City Council members unanimously passed a resolution Monday opposing the placement of convicted sex offenders from one community into another. Specifically, the action requests that state Supreme Court Justice Richard C. Kloch Sr. reconsider his recent ruling to place a North Tonawanda sex offender with a “mental abnormality” at the Midtown Inn, located less than 1,500 feet from Niagara Street School.
Copies of the council’s resolution will be sent to Kloch at the state Supreme Court, state elected officials and mental health experts. The council also is calling on the city’s police, fire and inspections departments to see if anything can be done locally to shut down the Midtown Inn, formerly the Zodiac Lounge, at 22nd and Niagara streets.
At least eight Level 2 and 3 sex offenders live inside the Inn now, all convicted of offenses involving children between the ages of 6 and 13. The building houses the largest concentration of sexual predators in Niagara County.
“Allowing them to live that close to the largest and newest elementary school in Niagara Falls is a tragedy waiting to happen,” said Sharon Szwedo, who owns a business across from the school. “I believe the responsibility to correct this situation must fall into the hands of our elected officials.”
Members of the Niagara Street Business Association have been raising concern about the Inn’s proximity to the elementary school for years and have recently begun soliciting support from local and state leaders.
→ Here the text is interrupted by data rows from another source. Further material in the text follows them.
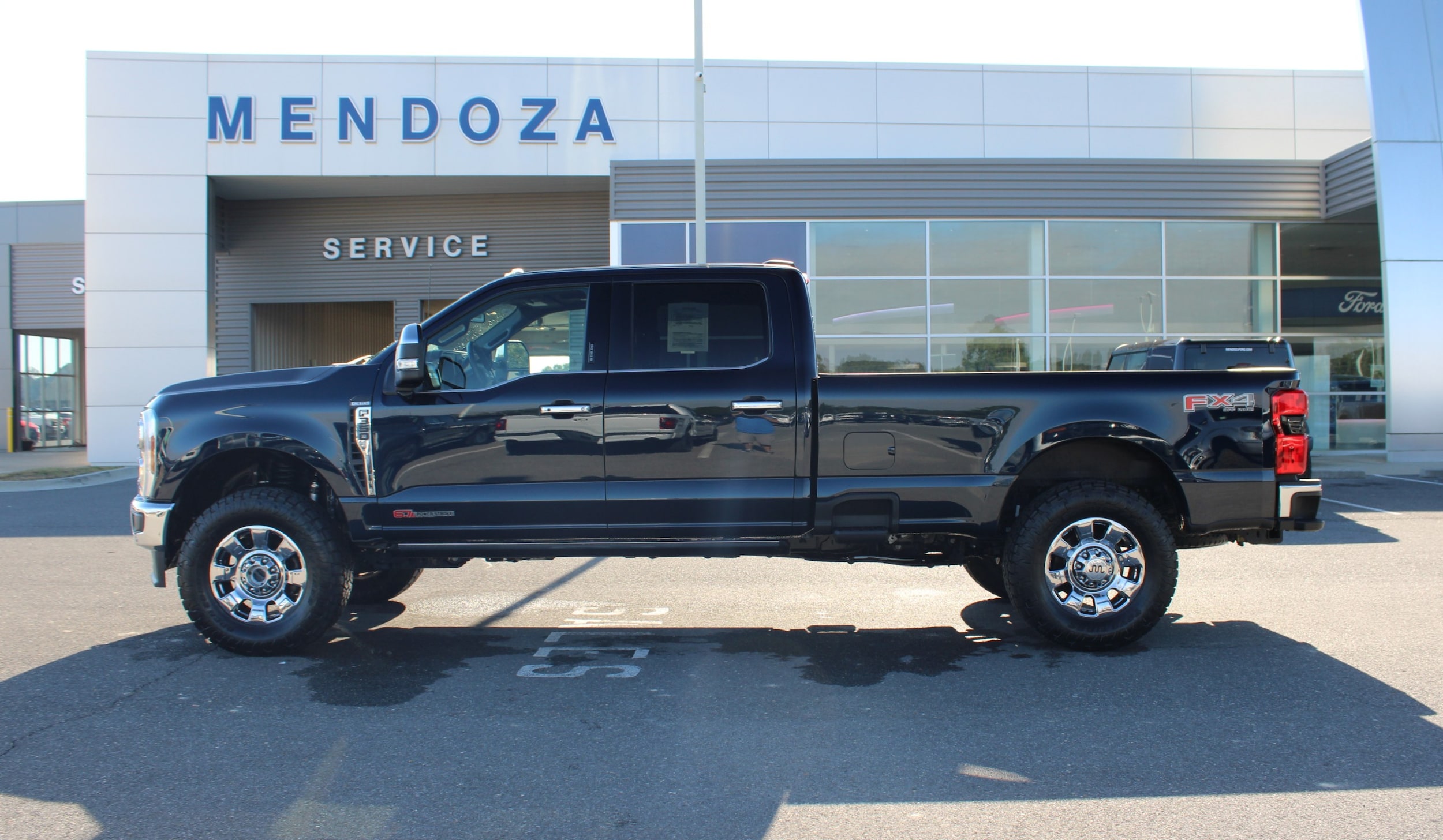 2024 Ford F-350 Super Duty King Ranch's photo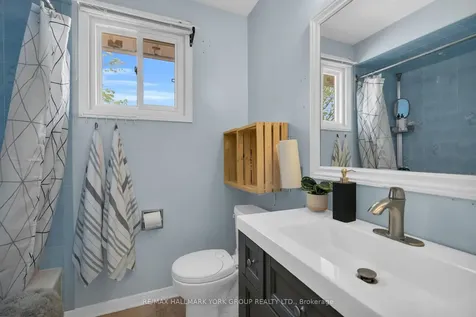 103 Wood Crescent Bradford West Gwillimbury ON L3Z 2G4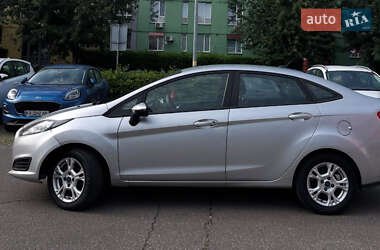 Хэтчбек Ford Fiesta 2015 в 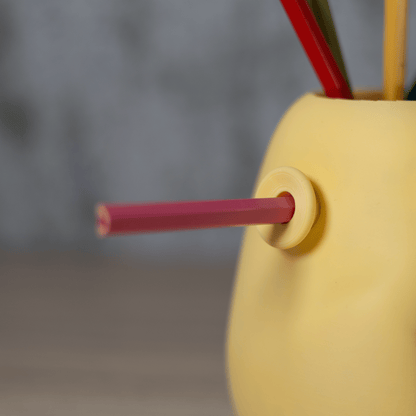 Penzilla – Lustiger Stifthalter mit Anspitzer & Schublade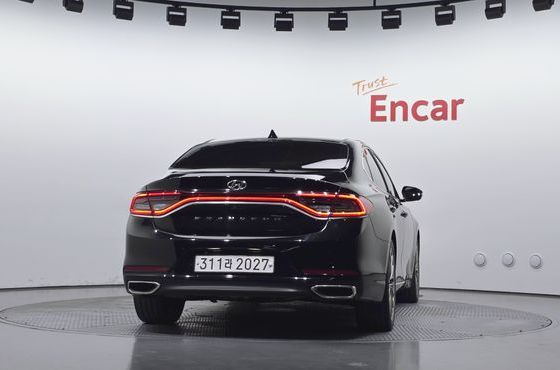 Hyundai Grandeur 2.4 Premium Special — пробег 225 736 км — фото 4 из 5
Back in April, Szwedo and the association’s Revitalization Coordinator Ron Anderluh met with Niagara Falls Board of Education members to ask for their support in changing state legislation to prohibit sex offenders from living close to schools. The current law prevents convicted offenders from living less than 1,000 feet away from schools and day care centers in Niagara Falls.
Since that meeting, however, the situation has gotten worse, Anderluh said. Late last month, Kloch assigned James A. McKinney to the Midtown inn, even though the majority of McKinney’s sex crimes happened in North Tonawanda, where he and his mother reside. McKinney, 51, is completing a seven-year prison sentence for having sex with four girls younger than 14.
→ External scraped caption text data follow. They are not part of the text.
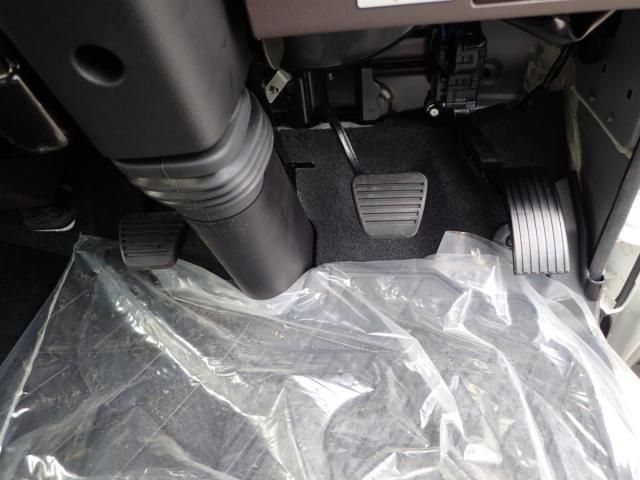 MITSUBISHI CANTER 2025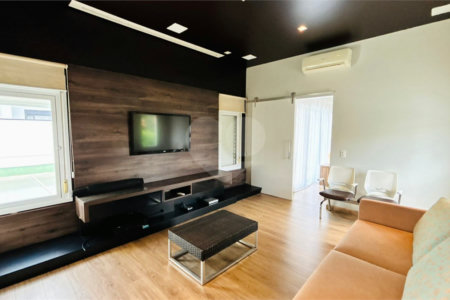 Casa à venda com 4 suítes no condomínio Dos Lagos, Itupeva - SP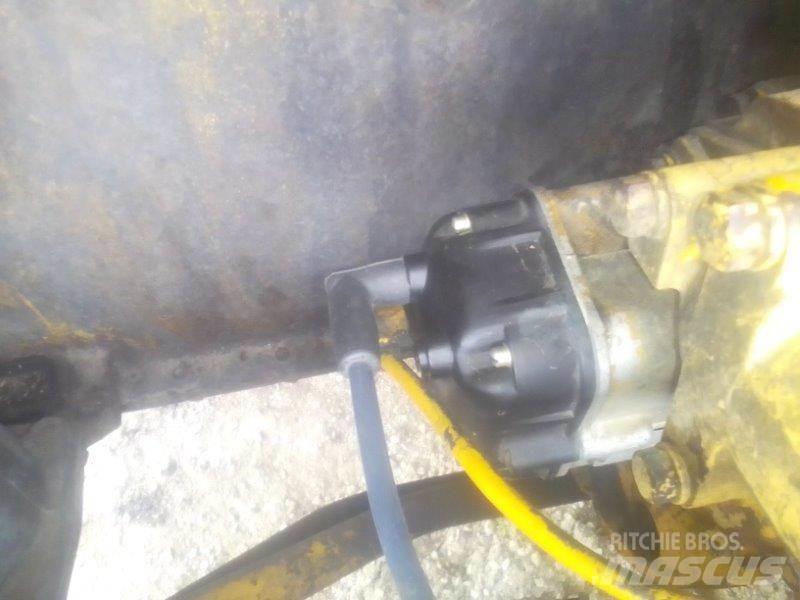 CAT D8H Buldožerji goseničarji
Kloch’s decision to place McKinney in Niagara Falls and not North Tonawanda has attracted strong opposition from both local and state officials.
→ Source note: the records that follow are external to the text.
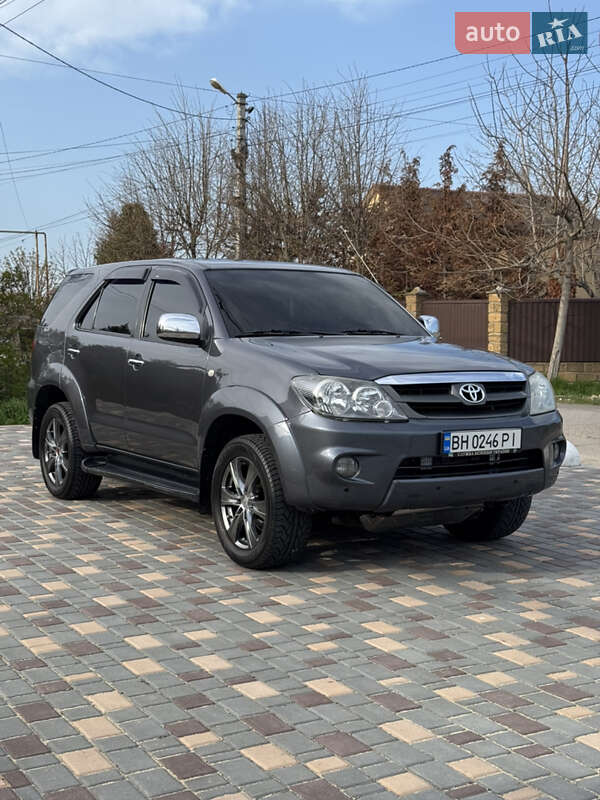 2006 toyota fortuner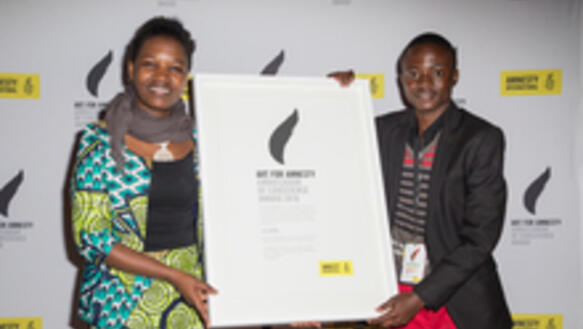 LUCHA-Mitglieder bei der Verleihung des "Ambassador of Conscience"-Preises 2016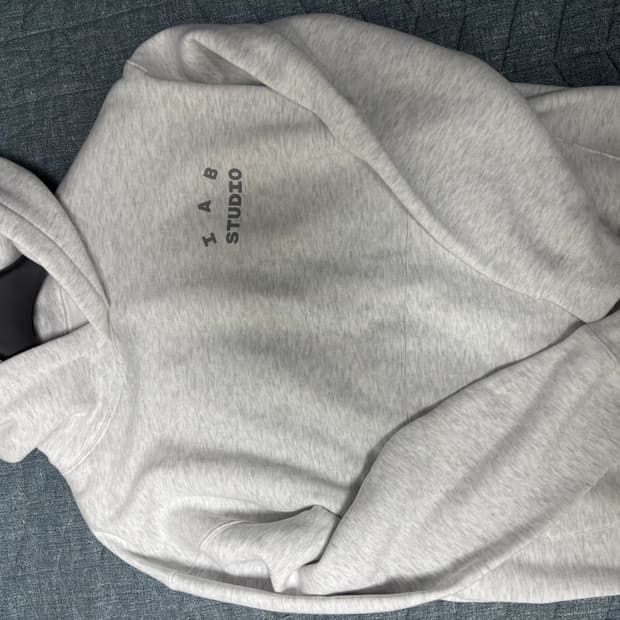 IAB STUDIO 후드티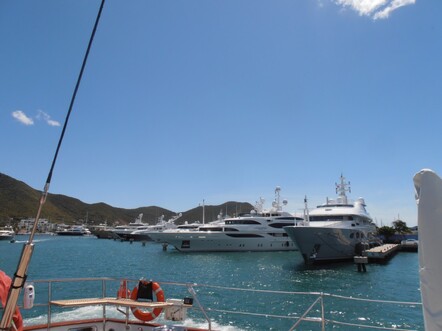 Simpson Bay (Dutch side)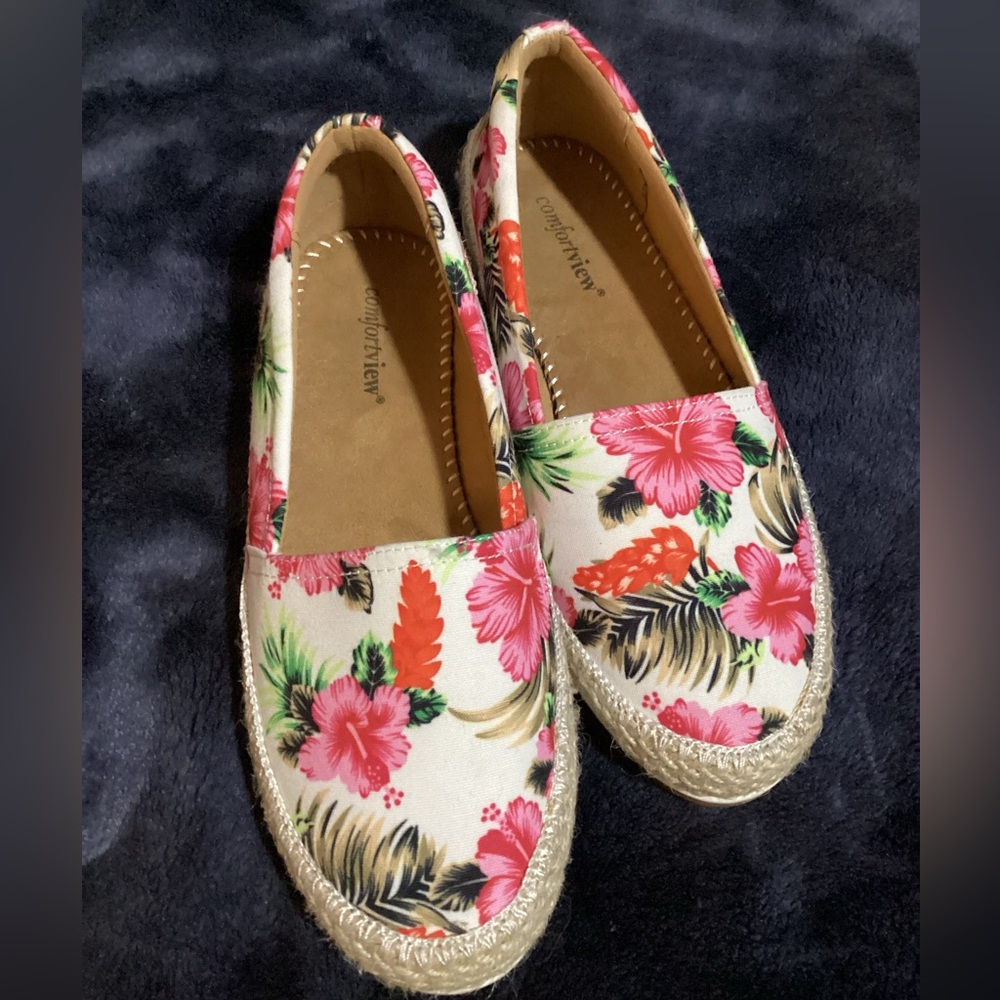 Comfortview The Spencer Slip On Flat, Hawaiian Floral Size 7W EUC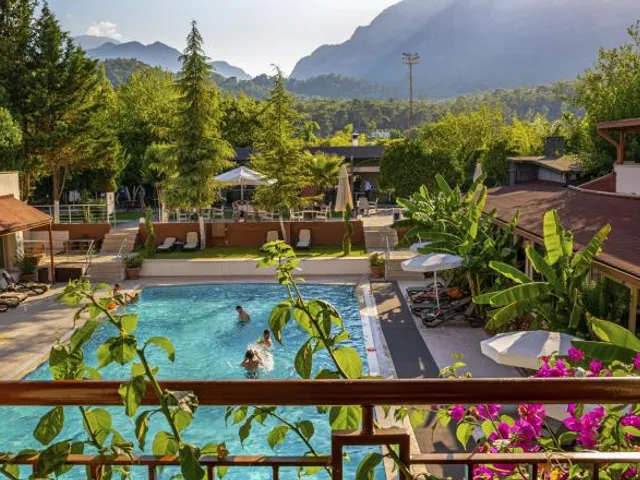 Dg Hotels Rose Resort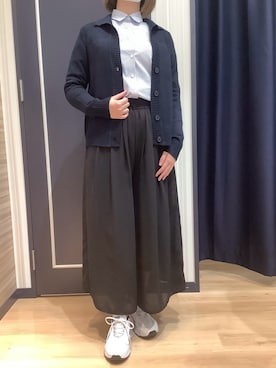 「アイテム（ビジネスシャツ）」を使った、BRICK HOUSE シャツ工房 熊本イオンモール店さん（レディース・163cm）の冬コーディネート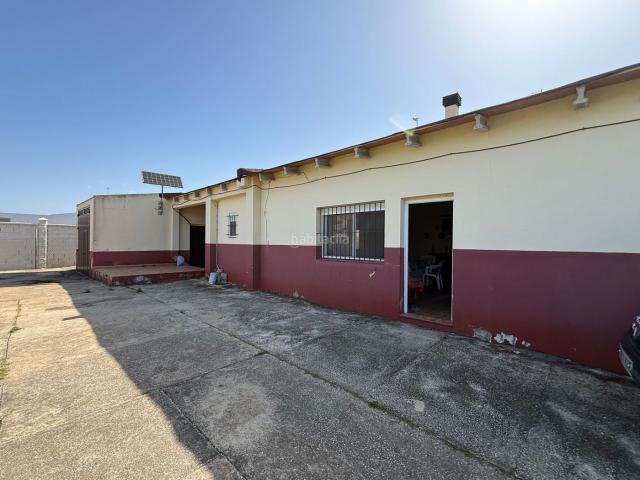 Masía en venta en Gibraleón. Casa de Campo en terrazgo en zona de El Rincón. Masías.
“We’re tired of being the dumping ground for sex offenders,” Anderluh told the council on Monday. “We all need to work together to get this changed.”
In addition to the council’s resolution, Assemblywoman Francine DelMonte, D-Lewiston, also is calling on Attorney General Andrew Cuomo to rescind McKinney’s placement.
“It is unacceptable to allow this man, who has a ‘mental abnormality’ and could have been civilly confined, to be placed in housing already filled with other offenders,” DelMonte said.
The council has also directed the city’s Inspections Department to make sure the Midtown Inn is within code compliance and has requested the fire department conduct in interior inspection.
According to Szwedo, the building has increased occupancy by remodeling without permits within in the past two years and currently has a stop work order placed on the premises, which is being ignored.